### Your goal:
Only the lines below starting at the one containing "Vila elite |" and ending at the one containing "Condominio en venta" belong in the answer, each copied exactly.

### Excerpted records:
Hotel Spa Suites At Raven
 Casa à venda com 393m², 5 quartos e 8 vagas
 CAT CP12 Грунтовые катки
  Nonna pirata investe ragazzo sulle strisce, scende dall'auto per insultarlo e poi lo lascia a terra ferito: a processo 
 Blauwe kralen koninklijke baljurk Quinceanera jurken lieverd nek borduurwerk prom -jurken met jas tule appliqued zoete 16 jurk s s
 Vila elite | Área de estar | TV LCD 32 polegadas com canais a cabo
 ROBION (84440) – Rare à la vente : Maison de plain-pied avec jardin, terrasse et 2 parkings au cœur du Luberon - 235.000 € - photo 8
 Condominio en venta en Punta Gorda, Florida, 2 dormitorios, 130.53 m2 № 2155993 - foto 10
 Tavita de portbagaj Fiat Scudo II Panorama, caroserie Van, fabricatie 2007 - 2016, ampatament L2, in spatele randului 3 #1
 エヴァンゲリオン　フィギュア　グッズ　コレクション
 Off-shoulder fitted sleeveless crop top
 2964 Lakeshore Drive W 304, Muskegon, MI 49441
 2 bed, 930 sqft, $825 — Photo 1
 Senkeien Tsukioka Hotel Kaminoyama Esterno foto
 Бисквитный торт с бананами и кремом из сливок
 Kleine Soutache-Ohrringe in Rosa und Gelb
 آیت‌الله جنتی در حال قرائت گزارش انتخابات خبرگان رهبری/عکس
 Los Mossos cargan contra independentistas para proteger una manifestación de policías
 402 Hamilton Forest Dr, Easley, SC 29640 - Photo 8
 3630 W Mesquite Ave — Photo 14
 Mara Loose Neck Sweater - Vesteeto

### Task answer:
 Vila elite | Área de estar | TV LCD 32 polegadas com canais a cabo
 ROBION (84440) – Rare à la vente : Maison de plain-pied avec jardin, terrasse et 2 parkings au cœur du Luberon - 235.000 € - photo 8
 Condominio en venta en Punta Gorda, Florida, 2 dormitorios, 130.53 m2 № 2155993 - foto 10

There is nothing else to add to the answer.